Prinz Friedrich von Homburg, Ein Schauspiel, 3X is one of the great
sculptures of our age and will complement the family of Stella's works that we already have in the
National Gallery's collection. It is part of an ongoing effort to acquire significant examples of sculpture
by leading contemporary artists, said Earl A. Powell III, director, National Gallery of Art. We are
enormously grateful to The Morris and Gwendolyn Cafritz Foundation, which also funded the Gallery's
Sculpture Garden and seven of the 20th-century sculptures installed there.
The Work
Prinz Friedrich von Homburg, Ein Schauspiel, 3X is one of Frank Stella's largest and most impressive
works. Constructed of stainless steel, aluminum, painted fiberglass, and carbon fiber, it measures 31 by 39
by 34 feet and weighs just under 20,000 pounds. This sculpture is the culmination of many years of work,
including the original maquette and a 1X version measuring 10 by 13 by 11 feet.
A whirlwind of curving aluminum and fiberglass forms is supported by three derricklike stainless steel
structures that elevate the forms while also anchoring them to steel plates on the ground. Additional
stainless steel stays provide the tension for cranelike supports. Stella's use of lightweight materials, some
of which were produced using advanced industrial technology, and the hovering character of the structure,
endow his work with a buoyancy that belies its size.
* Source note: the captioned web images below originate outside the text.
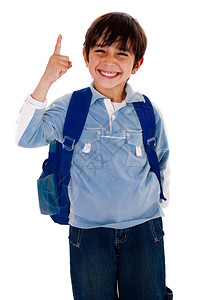 可爱男孩开心的背着书包图片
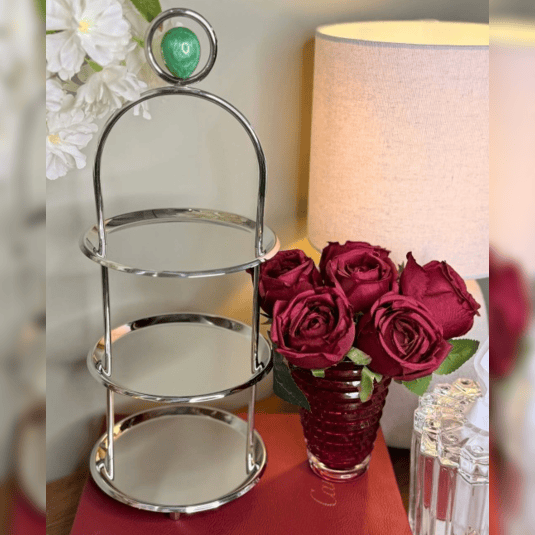 Présentoir-à-Gâteaux-à-3-Étages-en-Inox-Prestige-Émeraude-coucouMarket-Maroc-Casablanca-Rabat-Fes-prix-promo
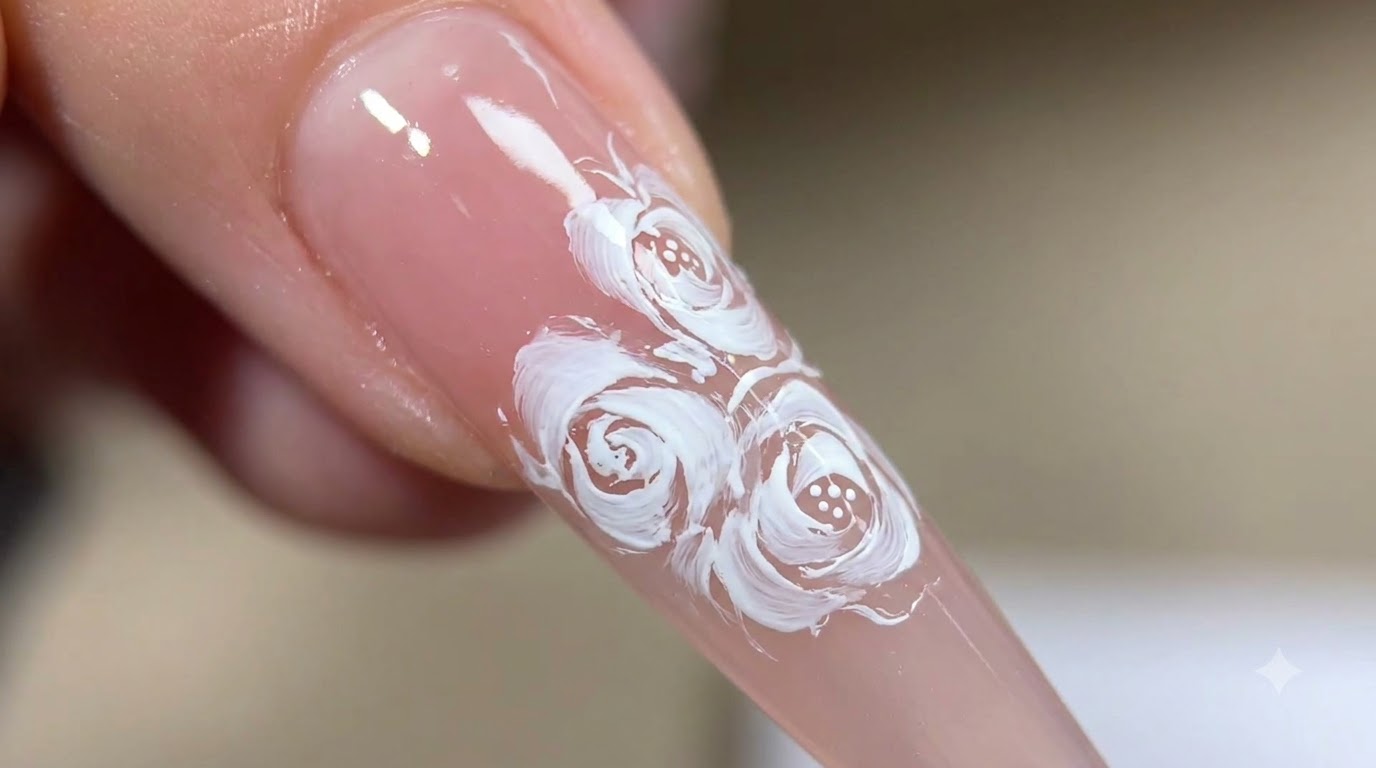 Hand-Painted White Gel Rose Nail Art — Step-by-Step Tutorial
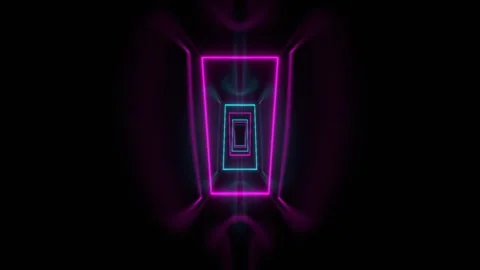 Pink and Cyan Neon Frames Corridor Background VJ Loop in 4K Stock Footage 310037075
The complex, dramatic forms in the sculpture represent the latest direction in Stella's career-long
preoccupation with spatial relations. The artist has culled from his vast lexicon of abstract forms: white
spiraling shapes, made of fiberglass, derive from a cutout styrofoam beach hat that he has enlarged and
twisted into an abstract form. Black carbon fiber shapes relate to Stella's computerized images of smoke
rings, and banners of jagged steel refer to a catalogue of shapes from the 1950s.
The title of this work refers to a play with the same title by the German writer Heinrich von Kleist
(1777-1811)--a psychological reflection on the inner conflict between reason and emotion. Stella often
uses literary references in the titles of his works.
This is the first monumental outdoor sculpture by Stella to enter a public collection in the United States.
The Artist
Born 1936 in Malden, Massachusetts, Frank Stella studied art history and painting at the Phillips
Academy in Andover, Massachusetts, from 1950 to 1954. He continued his studies at Princeton
University and graduated in 1958 with a B.A. degree in history.
Stella has lived and worked in New York for the past 40 years, producing a varied body of work that
includes paintings, prints, reliefs, sculpture, and, more recently, public art and architecture.
Coming to prominence in the late 1950s and early 1960s as one of America's great abstract painters,
Stella's early works presented flat geometric designs that evolved into three-dimensional canvases. Since
the late 1980s, Stella has increasingly turned his attention to sculpture and art for public places, often
working on a massive scale, as exemplified by Prinz Friedrich von Homburg, Ein Schauspiel, 3X.